Transcribe every entry word for word, leaving out all images.

> Supplied records
..............................

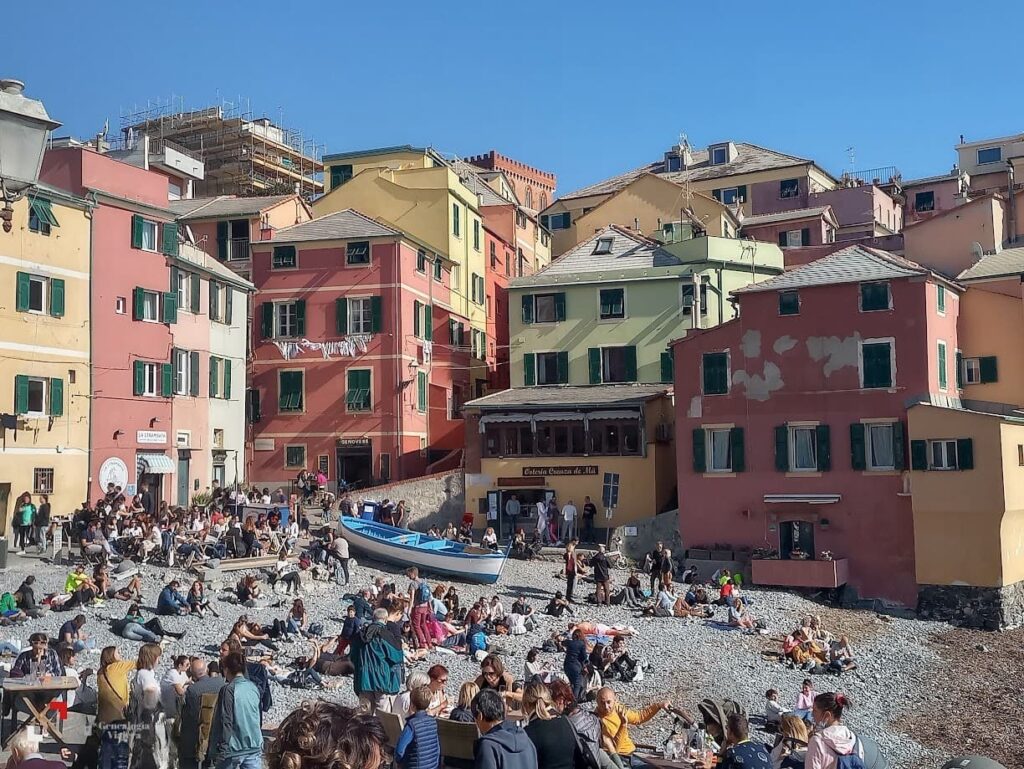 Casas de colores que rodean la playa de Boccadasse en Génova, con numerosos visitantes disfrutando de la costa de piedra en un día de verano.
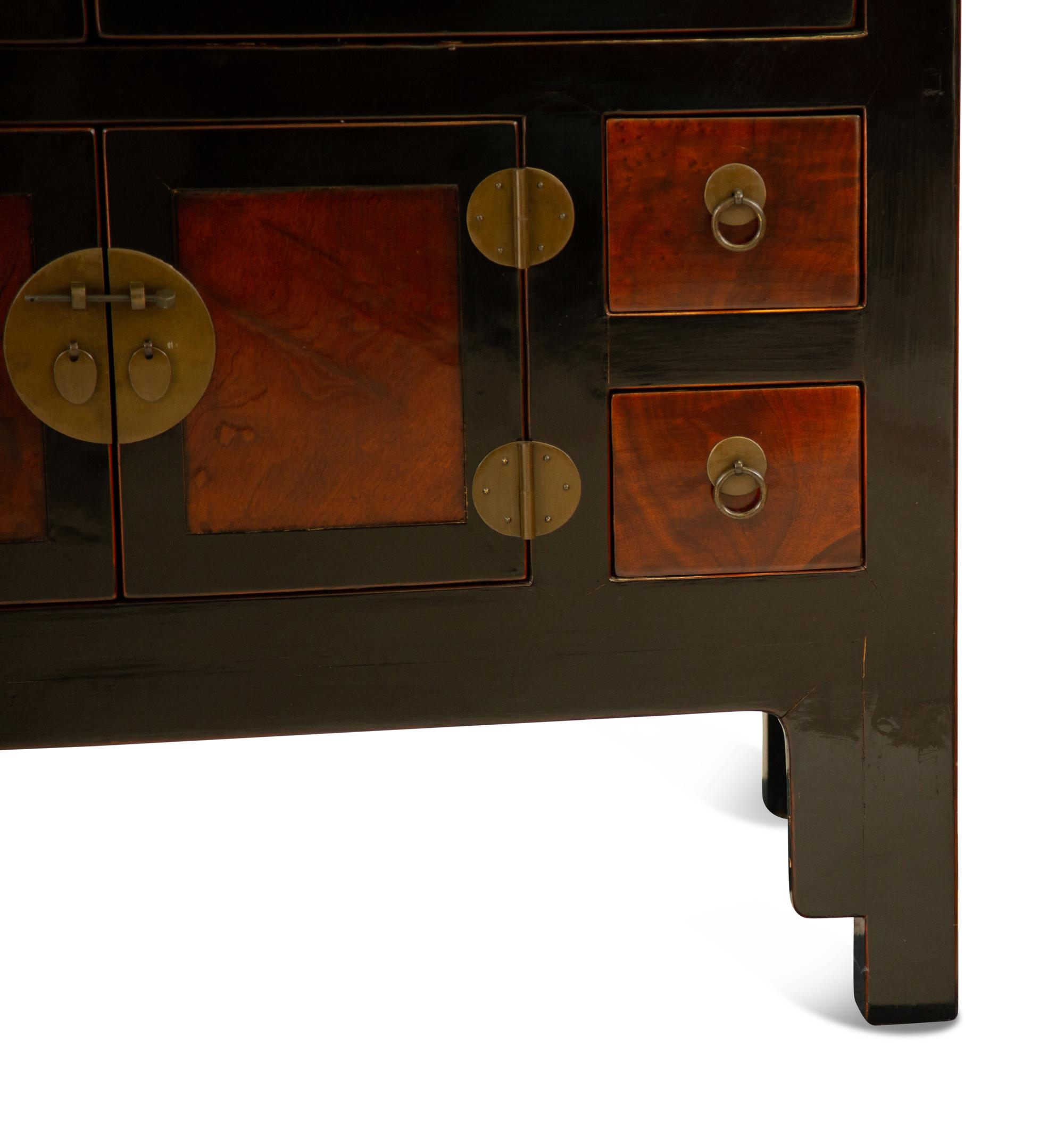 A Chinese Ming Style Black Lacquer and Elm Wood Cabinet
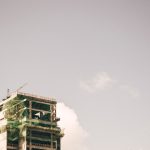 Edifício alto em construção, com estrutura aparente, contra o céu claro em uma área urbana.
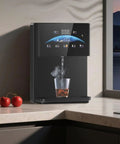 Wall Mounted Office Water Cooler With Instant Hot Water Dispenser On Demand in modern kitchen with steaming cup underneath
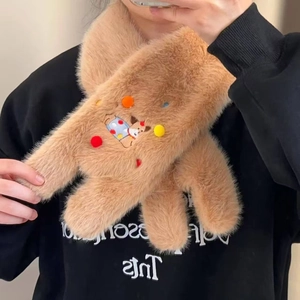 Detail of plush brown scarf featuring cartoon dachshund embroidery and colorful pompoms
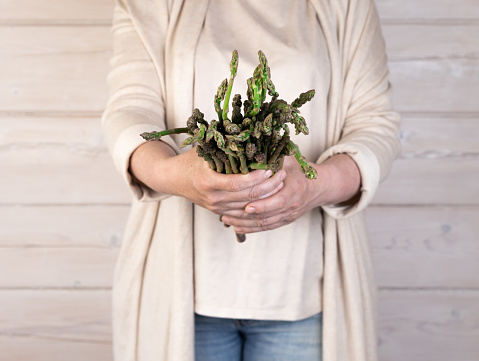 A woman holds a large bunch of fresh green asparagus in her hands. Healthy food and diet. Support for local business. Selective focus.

..............................

> Your response
 Casas de colores que rodean la playa de Boccadasse en Génova, con numerosos visitantes disfrutando de la costa de piedra en un día de verano.
 A Chinese Ming Style Black Lacquer and Elm Wood Cabinet
 Edifício alto em construção, com estrutura aparente, contra o céu claro em uma área urbana.
 Wall Mounted Office Water Cooler With Instant Hot Water Dispenser On Demand in modern kitchen with steaming cup underneath
 Detail of plush brown scarf featuring cartoon dachshund embroidery and colorful pompoms
 A woman holds a large bunch of fresh green asparagus in her hands. Healthy food and diet. Support for local business. Selective focus.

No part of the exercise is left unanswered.